### Task objective
The result should be every line that contains the word "Baby", taken from the material.

### Data to process

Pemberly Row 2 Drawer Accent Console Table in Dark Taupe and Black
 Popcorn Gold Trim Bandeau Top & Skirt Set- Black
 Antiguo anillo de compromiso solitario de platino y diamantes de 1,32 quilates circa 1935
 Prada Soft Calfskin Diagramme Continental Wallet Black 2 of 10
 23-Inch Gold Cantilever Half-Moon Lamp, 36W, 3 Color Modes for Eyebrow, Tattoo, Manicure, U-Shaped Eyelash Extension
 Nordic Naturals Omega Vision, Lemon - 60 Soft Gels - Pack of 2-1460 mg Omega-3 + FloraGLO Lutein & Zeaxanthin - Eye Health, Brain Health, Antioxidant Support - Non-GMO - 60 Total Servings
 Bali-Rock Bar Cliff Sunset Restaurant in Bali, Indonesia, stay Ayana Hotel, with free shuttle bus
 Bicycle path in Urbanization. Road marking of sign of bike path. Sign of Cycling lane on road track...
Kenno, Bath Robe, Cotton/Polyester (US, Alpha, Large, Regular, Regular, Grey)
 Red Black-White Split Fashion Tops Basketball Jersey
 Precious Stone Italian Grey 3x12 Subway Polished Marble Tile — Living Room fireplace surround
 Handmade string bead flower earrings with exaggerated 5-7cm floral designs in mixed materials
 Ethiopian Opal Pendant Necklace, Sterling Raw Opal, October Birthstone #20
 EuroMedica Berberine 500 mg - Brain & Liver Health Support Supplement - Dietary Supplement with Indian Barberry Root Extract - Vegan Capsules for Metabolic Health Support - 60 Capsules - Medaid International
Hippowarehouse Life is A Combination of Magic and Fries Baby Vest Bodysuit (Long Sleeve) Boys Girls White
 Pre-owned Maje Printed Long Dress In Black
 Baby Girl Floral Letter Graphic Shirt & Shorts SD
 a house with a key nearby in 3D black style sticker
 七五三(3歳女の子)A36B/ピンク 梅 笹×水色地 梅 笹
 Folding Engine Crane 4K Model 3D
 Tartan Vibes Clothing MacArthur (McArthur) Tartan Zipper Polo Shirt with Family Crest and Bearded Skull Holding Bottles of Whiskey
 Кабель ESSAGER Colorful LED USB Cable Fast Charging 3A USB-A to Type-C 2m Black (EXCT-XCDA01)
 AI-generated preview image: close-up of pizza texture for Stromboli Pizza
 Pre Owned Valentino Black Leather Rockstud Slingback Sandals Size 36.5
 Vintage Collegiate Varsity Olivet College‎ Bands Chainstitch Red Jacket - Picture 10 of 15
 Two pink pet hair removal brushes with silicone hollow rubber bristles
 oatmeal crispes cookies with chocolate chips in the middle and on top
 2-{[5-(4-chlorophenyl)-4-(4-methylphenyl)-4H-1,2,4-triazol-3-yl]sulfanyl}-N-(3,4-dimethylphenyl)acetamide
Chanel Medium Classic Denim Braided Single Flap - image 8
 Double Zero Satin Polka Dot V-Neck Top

### Solution to the exercise
Hippowarehouse Life is A Combination of Magic and Fries Baby Vest Bodysuit (Long Sleeve) Boys Girls White
 Baby Girl Floral Letter Graphic Shirt & Shorts SD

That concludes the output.